I know that K.e. = ½MV², however I am looking to find the energy of an impact when φ != 90°.

Or to the more specific problem, if I have a Spaceship shaped like a needle moving through space at .9c(Vnet) and a micrometor hits it with a mass of 1g(M) and the angle between the metorite and the hull is 10°, how much energy would the ship absorb.

This is not a homework question, which is why I didn't post it there...sorry should have posted that before the moderator moved it.

Last edited: May 12, 2006
2. May 12, 2006

### Andrew Mason

Without knowing the speed of the meteorite in the rest frame of the observer, this is not answerable. Also are we to assume that the meteorite sticks to the ship?

AM

3. May 12, 2006

### zbobet2012

The meteorite is assumed to be "at rest" (thus the Vnet next to the .9c). And no the meteorite does not stick to the spaceship, I am assuming the material used on the outer hull is hard enough to prevent elasticity. I am simply asking what the force exerted on the hull will be.

I don't think we will have to use the relativistic version here.

Last edited: May 12, 2006
4. May 12, 2006

### Andrew Mason

Well, you were asking what the energy would be absorbed by the ship. Which is it? Force or energy?

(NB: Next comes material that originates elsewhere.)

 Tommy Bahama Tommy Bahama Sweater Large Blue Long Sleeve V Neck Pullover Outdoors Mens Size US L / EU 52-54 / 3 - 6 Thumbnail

You will need to give us the mass of the spaceship to work out the energy absorbed by the spaceship if the meteorite bounces off.

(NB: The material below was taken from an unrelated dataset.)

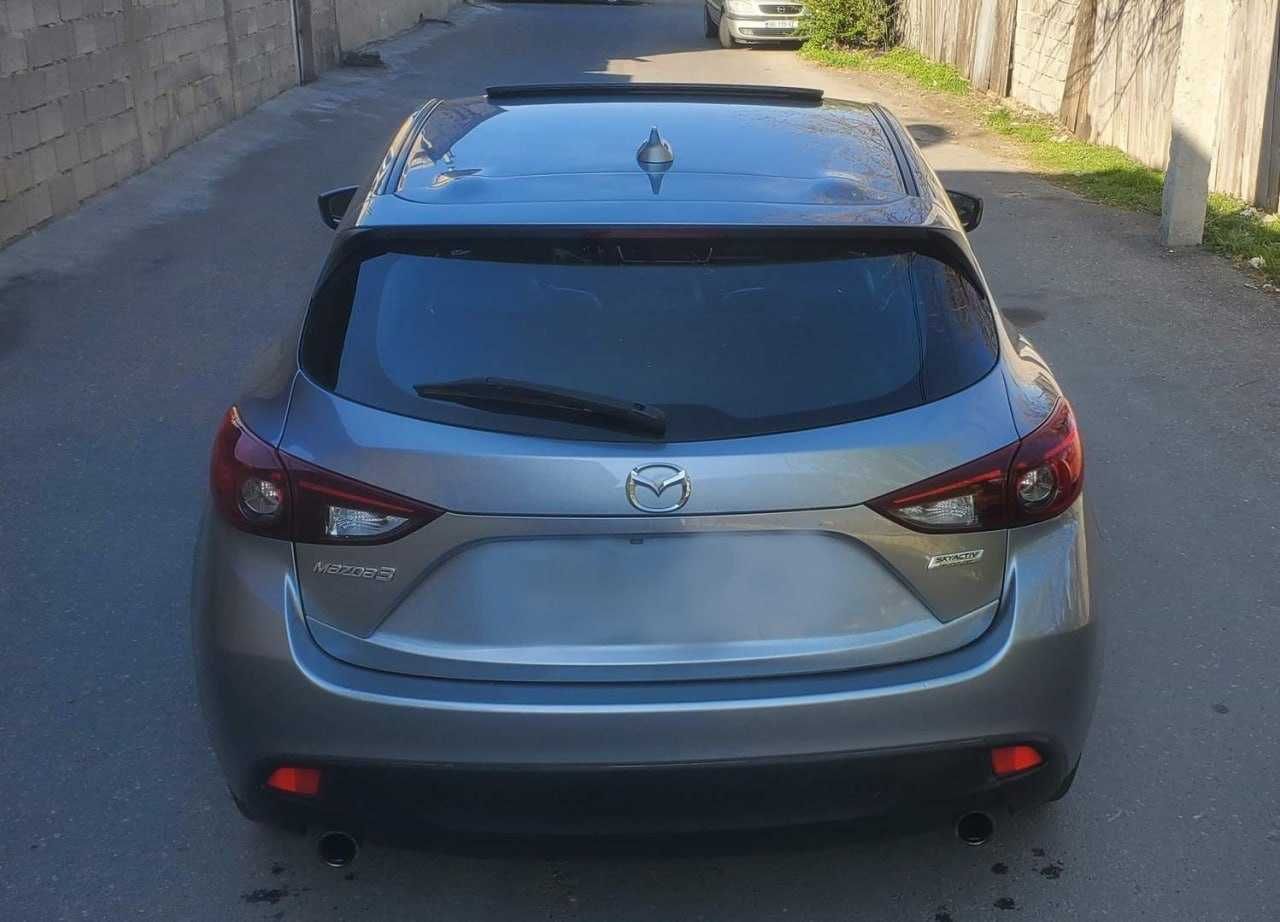 Mazda 3, 2016 року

In analysing a collision you have to apply conservation of momentum. Think of the spaceship as being at rest and the meteorite travelling at a velocity of .9c 0° (S) and deflecting at a direction of 20° (SW, say). Use conservation of momentum to determine the speed and direction of the spaceship.

AM

Last edited: May 12, 2006
5. May 12, 2006

### zbobet2012

I intended to say energy there, I was being a bit loose with my terminology. Sorry.

6. May 13, 2006

### zbobet2012

After much work I have arrived at what should have been obvious , velocity is a vector quantity. And in a 2d plane that means it is composed of two parts, x and y. Without delving to deeply into any kind of (if basic) vector calculus, the x = vcosφ and y = vsinφ. Therefore the energy actually transferred to the ship would only be the sin componet, eg K.E.absorbed = 1/2M(vsinφ)^2.

7. May 14, 2006

### Curious3141

Basically, this sort of problem (object striking ship) should be analysed with conservation of momentum. After the final velocities of the ship and the object are worked out, then the kinetic energy of each can be computed to find out how much KE got "transferred".

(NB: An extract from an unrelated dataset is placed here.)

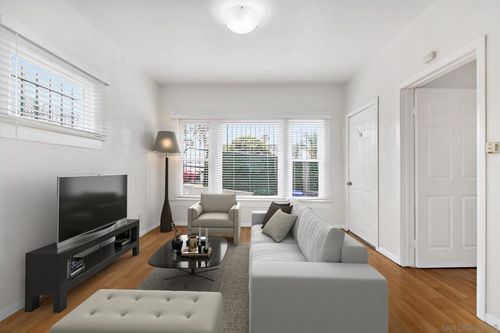 1720 J St, San Diego, CA, 92101-7628 | Card Image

Remember that unless the collision is perfectly elastic, Kinetic Energy is not conserved. There are unaccountable losses in heat and light (flash or spark) energy. Sound does not play a role here in a vaccuum but there are solid matter vibrations which dissipate energy also.

So it makes little sense to talk about figuring out how much KE was transferred without considering momentum transfer first.

BTW, a meteorite is a fragment of a meteor that has burned through the atmosphere to land on the ground. Similarly a meteor (even a "micrometeor") only exists within the context of the atmosphere. For your scenario (in space), I suppose you should call it an asteroid.

8. May 14, 2006

### Andrew Mason

As Curious and I have been saying, you have to use conservation of momentum. So you need to know the mass of the spaceship (M) as well as the mass of the meteor (m) and you also have to know the final velocity of the meteor:

$$m\vec v_{mf} + M\vec v_{ss} = m\vec v_{mi}$$

Work out the magnitude and direction of the space ship's velocity from the change in momentum of the meteor. Then use KE = $.5mv^2$ to determine the energy of the spaceship, which is the amount transferred.

AM

9. May 14, 2006

### zbobet2012

Curious: I wasn't trying to derive how much energy would be transferred in a given circumstance, but how much the ships outer hull would have to withstand to make the collison perfectly elastic. For example we can say that on a pool table momentum is conserved(within the limits of reason) because the pool balls are hard enough and strong enough that they don't break or vibrate etc. I am not saying this wouldn't happen on the ship, it would, but I am looking at the maximum amount of energy (in whatever form) that will be directed at the hull.

Last edited: May 14, 2006